■ **Given information**
____
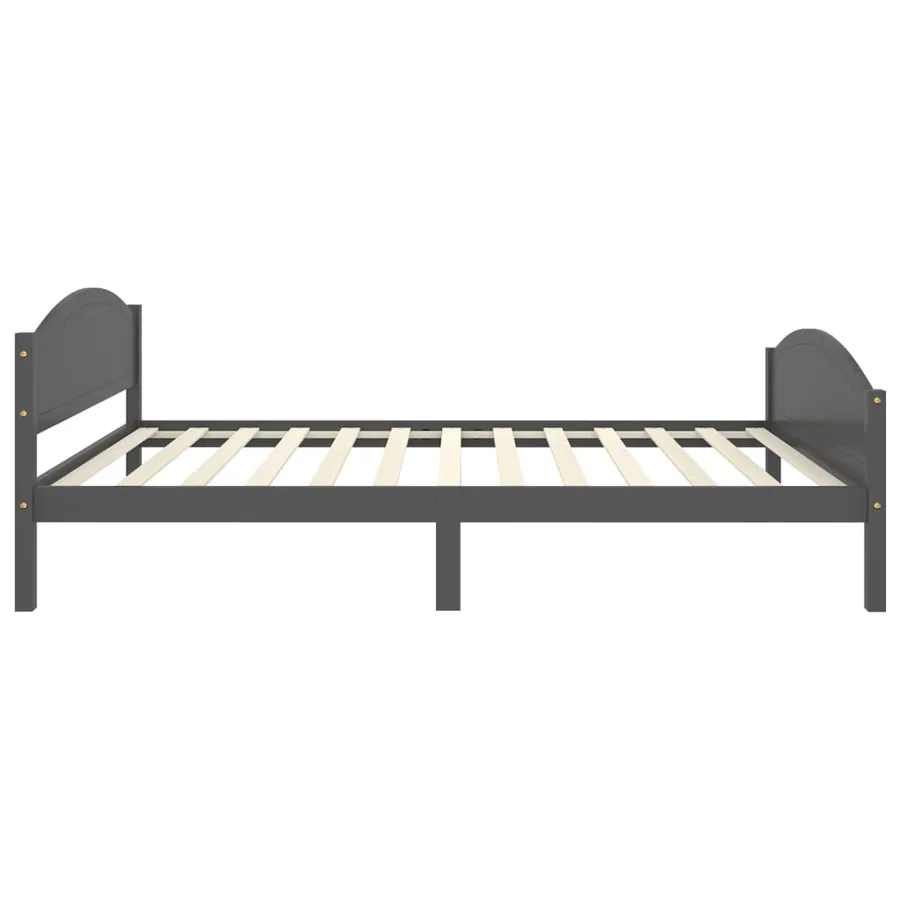 Cadre de lit sans matelas gris foncé pin massif 120x200 cm - 5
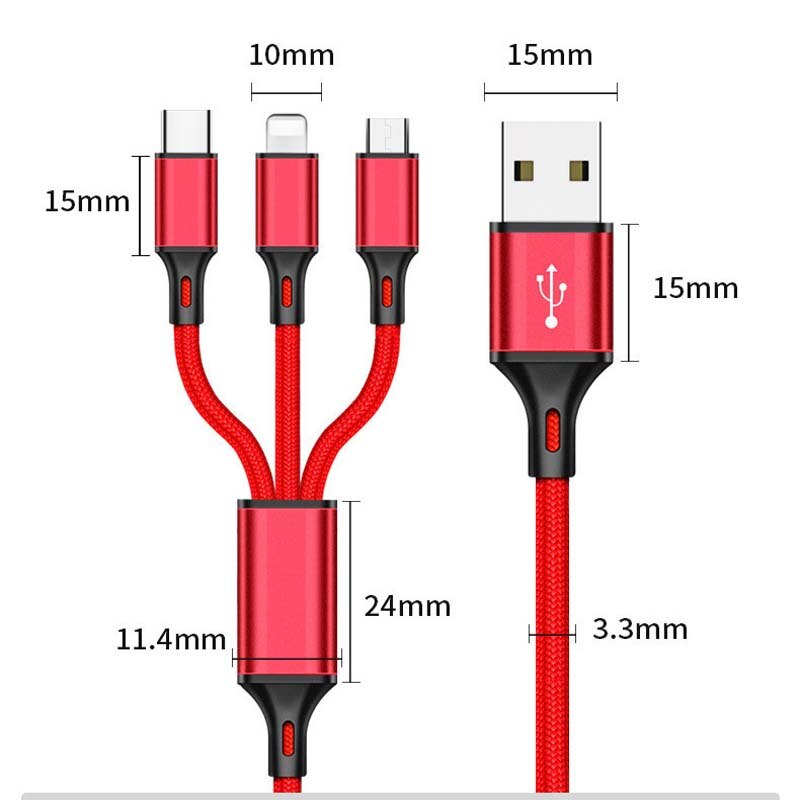 3 in 1 oplaadkabel met USB C USB Type c Micro bliksem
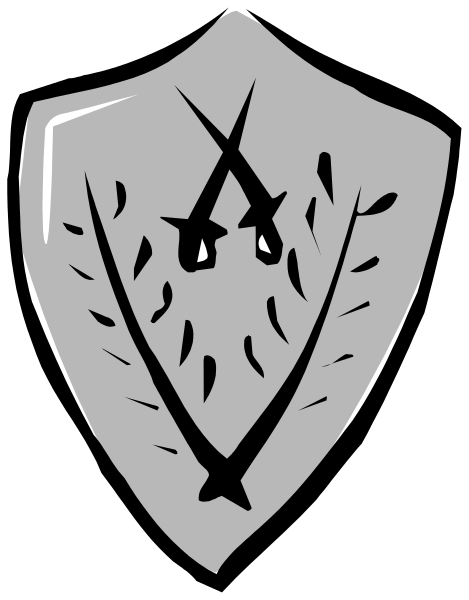 The image shows a shield with an emblem on it against a black background.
____
■ **To do**
Images stay out, but the rest of the data above must be repeated exactly.

■ **Result**
 Cadre de lit sans matelas gris foncé pin massif 120x200 cm - 5
 3 in 1 oplaadkabel met USB C USB Type c Micro bliksem
 The image shows a shield with an emblem on it against a black background.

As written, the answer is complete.